(EXERCISE PROMPT) For the records below, copy exactly the span that begins at the line containing "an image of" and stops after the line containing "Dev kredi derecelendirme", minus any pictures.

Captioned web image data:
______

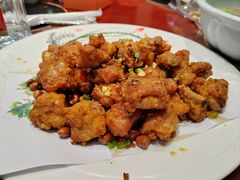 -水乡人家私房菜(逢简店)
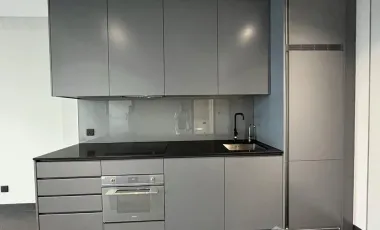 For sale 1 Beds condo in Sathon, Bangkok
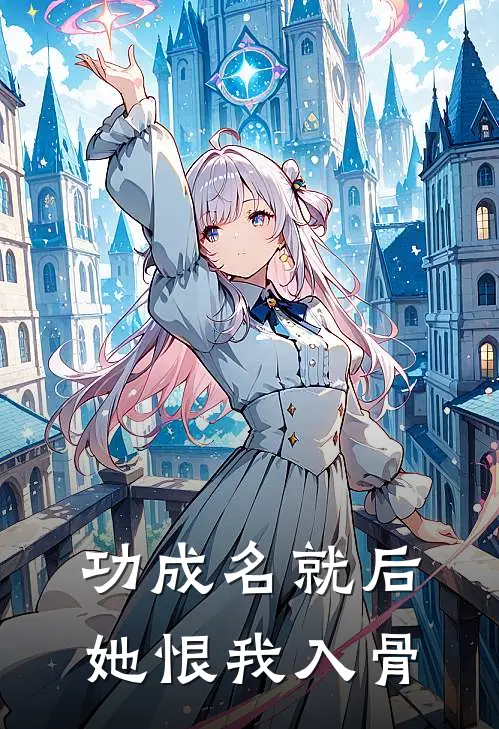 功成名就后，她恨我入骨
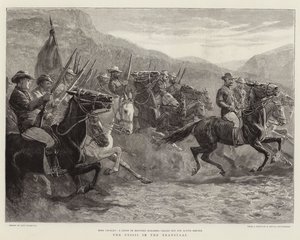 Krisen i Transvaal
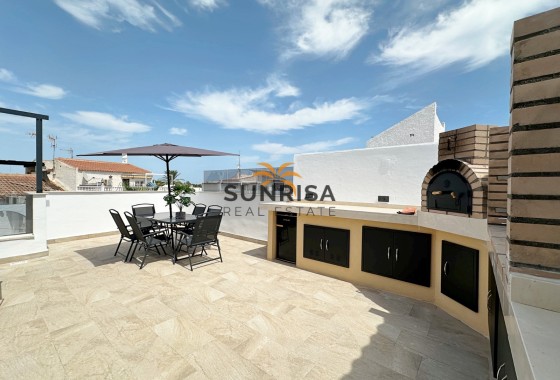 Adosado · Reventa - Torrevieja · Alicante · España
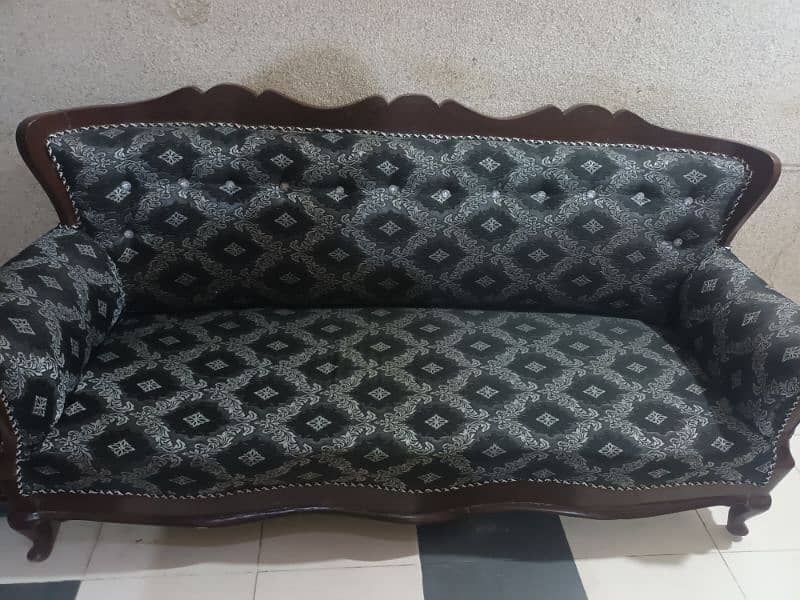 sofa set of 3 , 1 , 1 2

______

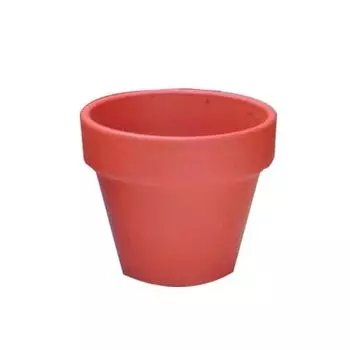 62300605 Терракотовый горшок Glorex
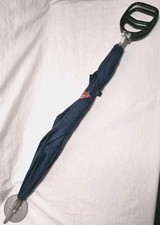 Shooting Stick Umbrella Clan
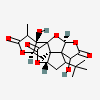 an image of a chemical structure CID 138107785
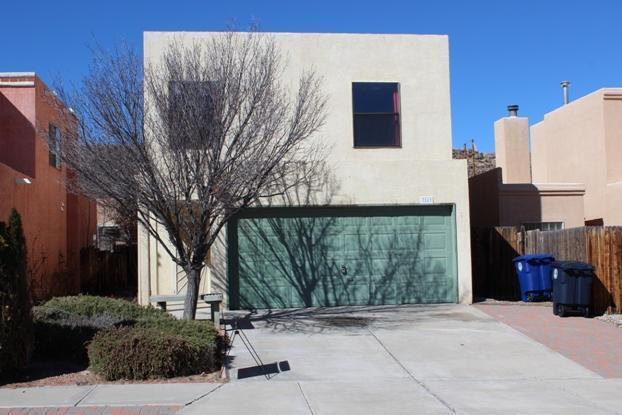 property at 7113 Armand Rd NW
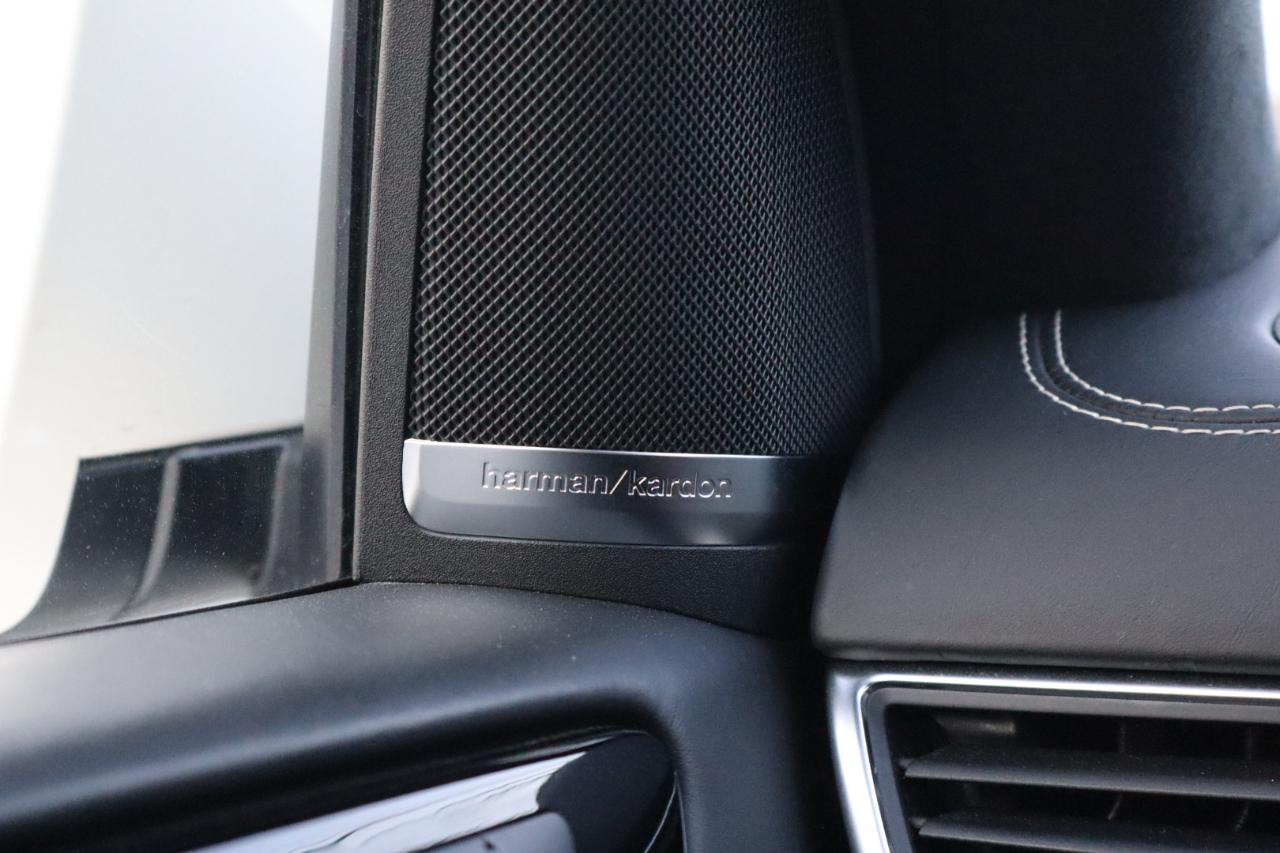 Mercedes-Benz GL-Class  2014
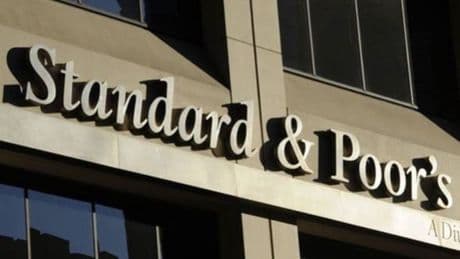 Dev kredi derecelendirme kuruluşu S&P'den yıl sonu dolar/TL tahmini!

______

(OUTPUT)
 an image of a chemical structure CID 138107785
 property at 7113 Armand Rd NW
 Mercedes-Benz GL-Class  2014
 Dev kredi derecelendirme kuruluşu S&P'den yıl sonu dolar/TL tahmini!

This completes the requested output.